I parked at San Bruno BART so I would be located close to the airport. On the plaza in front of the BART station I saw the Tanforan Memorial, dedicated to the people of Japanese ancestry who were detained at the racetrack on this site at the beginning of the Second World War on their way to internment camps, on the dubious theory that they were somehow a threat to the United States. This was an avoidable tragedy based on racism and xenophobia; and now we are on the cusp of a new wave of racist anti-immigrant rhetoric aiming at dehumanizing people based on their perceived immigration status with the aim of violently removing them from their communities. (Indeed, as I write this a couple of weeks later, I just had the opportunity to see news coverage of people at the Republican National Convention waving signs reading "mass deportations now".)
It is our moral imperative to defy these unjust, immoral, and illegal actions by any means necessary.
(Deep breath.)
The first thing I saw at SFMOMA was the temporary exhibition "The Art of Noise" on the seventh floor, which opened with a huge selection of concert posters from the 1960s arranged in a massive grid stretching wall-to-wall all the way to the ceiling. There were too many posters to look at them all, but they were all amazing: bands I recognized, playing at venues I've visited, all drawn in bright psychedelic colors with eye-watering intricate patterns. Around the corner was a wall full of record covers from the same era, followed by a smaller selection of more recent concert posters from the past twenty years, each with detailed curator tags explaining the context of the poster and the band and the show and how the design of the poster served its commercial goals. This was commercial graphic design, mass-produced in the service of business; but it was also art, subject to critique and display and admiration. All of these things can exist together.
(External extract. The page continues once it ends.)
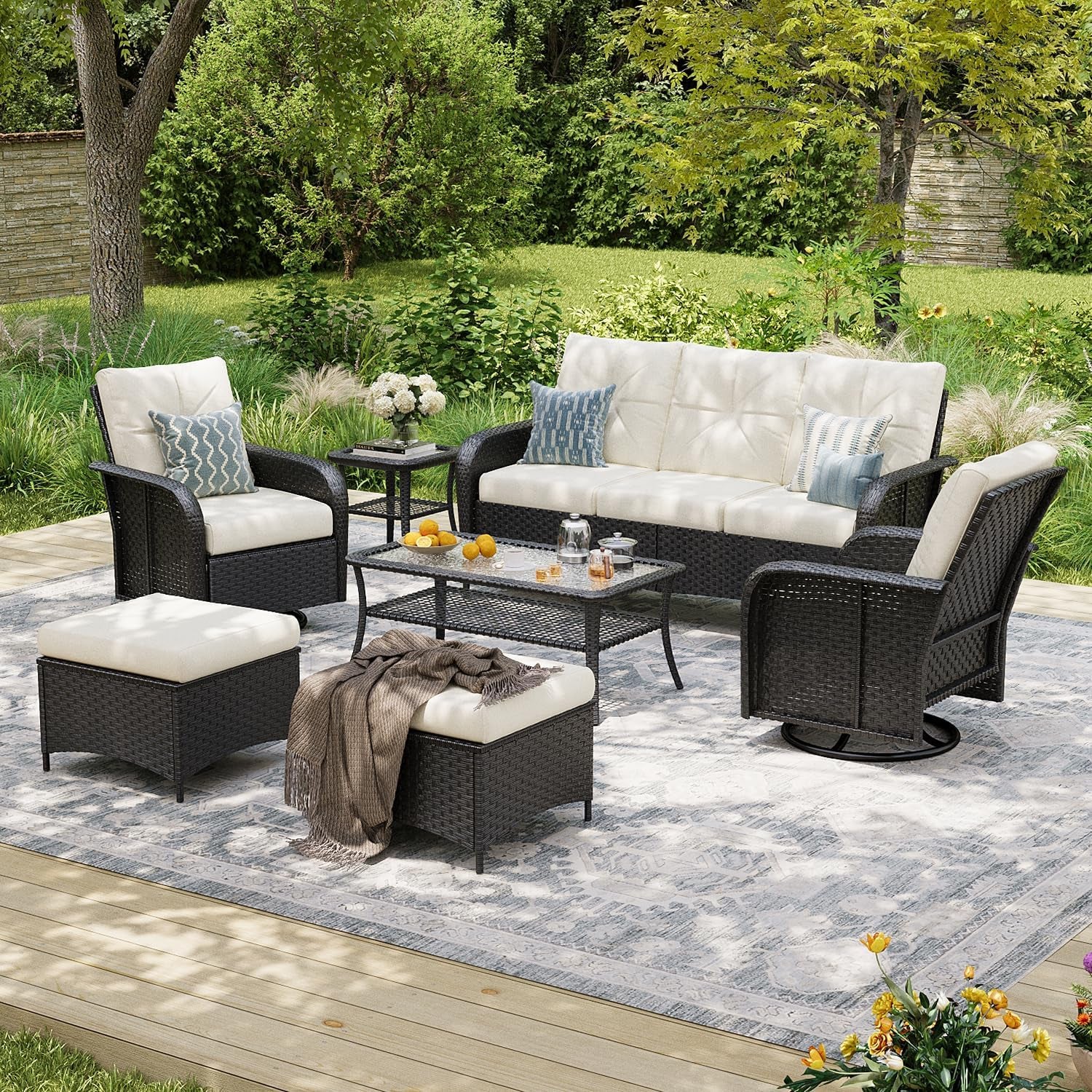 Dark wicker variant of the patio set with cream cushions, sofa, chairs, coffee table and two ottomans.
As soon as I walked into the gallery I wished that I had brought Calvin, because he just finished a year of graphic design in his first year of high school and is enjoying the opportunity to design printed posters like the ones carefully displayed here.
The second part of the exhibition was a large gallery exploring the industrial design of music players. It started with streamlined Art Deco-inspired radios and record players from the first half of the twentieth century. Then there was a jukebox, and a bunch of fancifully-designed record players that defied the logic of the machine; one as built from a series of chrome spheres suspended on narrow pedestals, one for the record player and two on either side for the speakers. At the end of the gallery there was a boombox built into a concrete block, and a record player mounted on a slab of reinforced concrete. It was part industrial design and part engineering; and it was on display in a museum of modern art so presumably it was art as well.
The final gallery presented as part of the exhibition was across the elevator lobby, a large softly-lit room full of sturdy sound equipment opposite large carpeted stairs to sit and listen. It felt weird to sit and listen to recorded music with a group of people, so I stood for a few minutes, listening to the sparse instrumental music before moving on.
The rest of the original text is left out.